A major downside to BYOD for Porter Davis stemmed from high turnover in the construction industry, Nutter said. “Because those people have client-facing relationships, we retain the phone numbers and we retain the devices so we control the whole space.”
Choosing devices for workers is also a cost saver and ordering a large number of devices from Telstra opens up “better deals,” she said. Porter Davis could not secure discounts with BYOD.
“And by the time you then administer expense reimbursements or provision of allowances, securing devices that don’t belong to the business” means “not really having total control of data that gets stored on the device,” added Nutter.
For example, Porter Davis would have “no jurisdiction to wipe [the device] in the event of fraud, theft or damage,” she said.
Instead of BYOD, Porter Davis chose to make a bulk purchase of 190 Samsung Galaxy S2 smartphones, Nutter said. However, she said the company hasn’t been happy with the devices.
“It’s been quite disappointing, to be honest,” Nutter said of the Galaxy S2. Porter Davis was hoping to give workers a standard device, but the devices shipped with different versions of the Android [operating system] and other software installed, she said. “We had quite a bit of internal work to do to get them up to standards.

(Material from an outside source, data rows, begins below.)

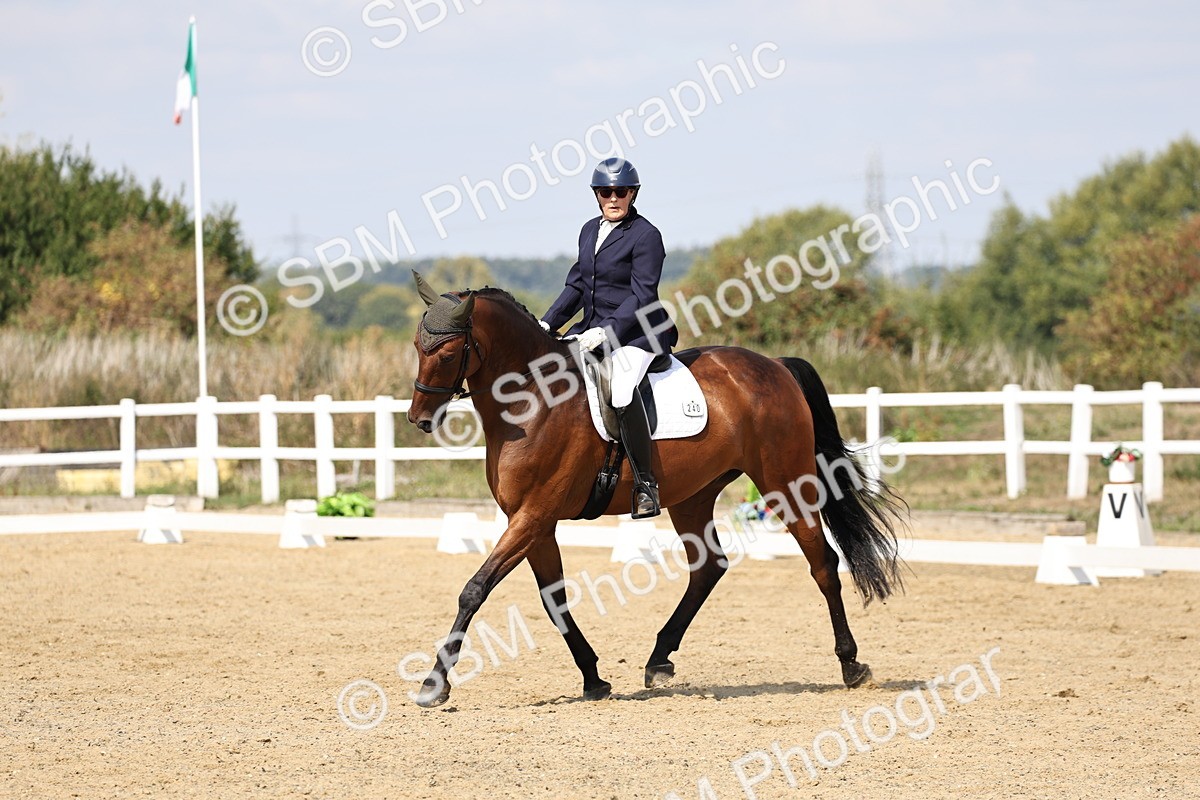 SBM_018581 - Class 16 - Novice 5 - 12.08-13.11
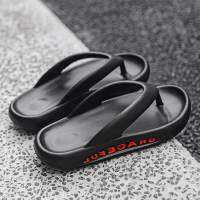 ชาย2021ฤดูร้อนใหม่สวมรองเท้าแตะ Ins หนาด้านล่างลื่นสวมใส่น้ำบนชายหาด Man Flip-Flops9201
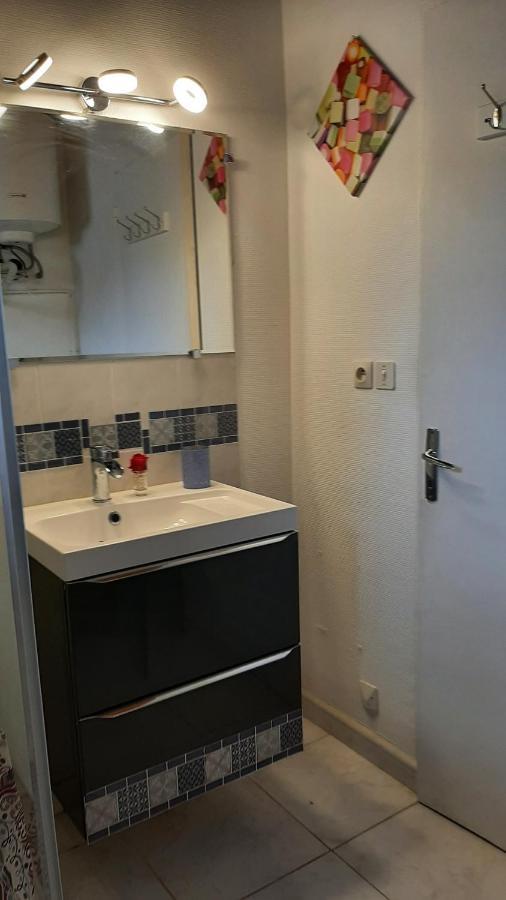 Charmant T2 Tout Confort Au Centre Du Village ! Florensac Ngoại thất bức ảnh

The company also had numerous numerous issues with the handset itself, including frequent call dropouts and batteries overheating, Nutter said. Porter Davis has not had similar problems with the Apple iPhone devices used by its executive team, she said.

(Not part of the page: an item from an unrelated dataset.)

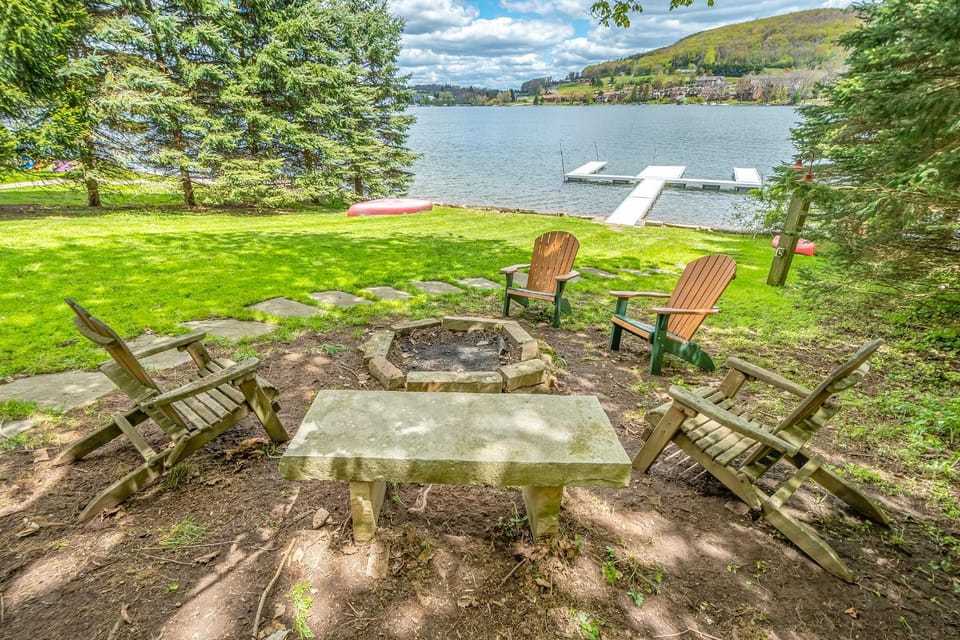 Garden, Seating area, Lake view, fireplace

Porter Davis turned to mobile to increase the efficiency of its extras process, where the company has to commit to a contract size with the client but then absorb unforeseen expenses within that contract, which is an industry-wide problem in construction, Nutter said.

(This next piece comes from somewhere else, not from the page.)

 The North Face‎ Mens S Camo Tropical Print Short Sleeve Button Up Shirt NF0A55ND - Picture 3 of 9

"In the construction industry, it relates to theft, damage, incorrect orders or anything else that’s an unexpected expense in the construction of the home," she said.
“It’s always been a problem for the business, and it’s been manually managed,” Nutter said. Under the old process, when a problem arose, the construction crew would telephone the supplier and write down the issues in a log.
"Then they’d have to go back in the office once a week and reconcile their [work orders]... and sit down with a manager and have all of those approved.
“Situations would arise where the manager would disagree with what had been charged by the supplier,” resulting in a back and forth between Porter Davis and the supplier that would increase time and costs, she said.
All the costs involved would be paid by Porter Davis without charging the client, and the whole process from order to payment would normally take two to three weeks, Nutter said.
“With the use of the mobile apps now we can go from point of order to payment within seven or eight days,” she said.
Now, construction supervisors log in to a mobile app to make orders. “They choose the home and they choose the supplier, and the app brings all the products and prices for that supplier,” said Nutter.
“Once they submit that, the manager receives it, approves it or rejects it, and it gets saved into SAP.” The app can send the order directly to the supplier.
“It cuts out a whole paper trail [and] shortens time to payment for the supplier,” Nutter said. “The guys spend less time in the office going through paperwork,” giving them an additional six hours on the worksite per week.
The mobile system provides greater transparency of job costs “so the manager can see straight away what the impact on the job cost is going to be and can influence that decision right then instead of waiting for the invoice,” she added.
Porter Davis chose BlinkMobile to provide the mobile platform after a recommendation from EcoView Mobile.
The construction company had sought a system that would integrate with the company’s SAP enterprise platform, Nutter said.
Porter Davis also required a system that was not restricted to one type of device because at the time the company was going through a device refresh and hadn’t yet decided which phones to buy. It also wanted to be able to scale to support multiple kinds of devices if required.
The company currently uses the Samsung Galaxy S2 smartphone for most employees and the Apple iPhone and iPad for higher-level officials.
Despite not having integrated with SAP before, BlinkMobile was willing to do it “with very little expense,” she said. And BlinkMobile’s ability to support multiple types of devices was relatively unique when Porter Davis was looking 18 months ago.
The investment “paid back within six weeks,” Nutter said. “It’s definitely doing everything we wanted. Our very lovely challenge now is going to be to hold back the floodgates” of staff wanting to add more and more features to the company’s mobile apps.
The construction company plans to increase its use of mobile in the future.
“We’ve got another project that’s about to go live” for post-construction inspections and the company is exploring customer-facing applications, she said.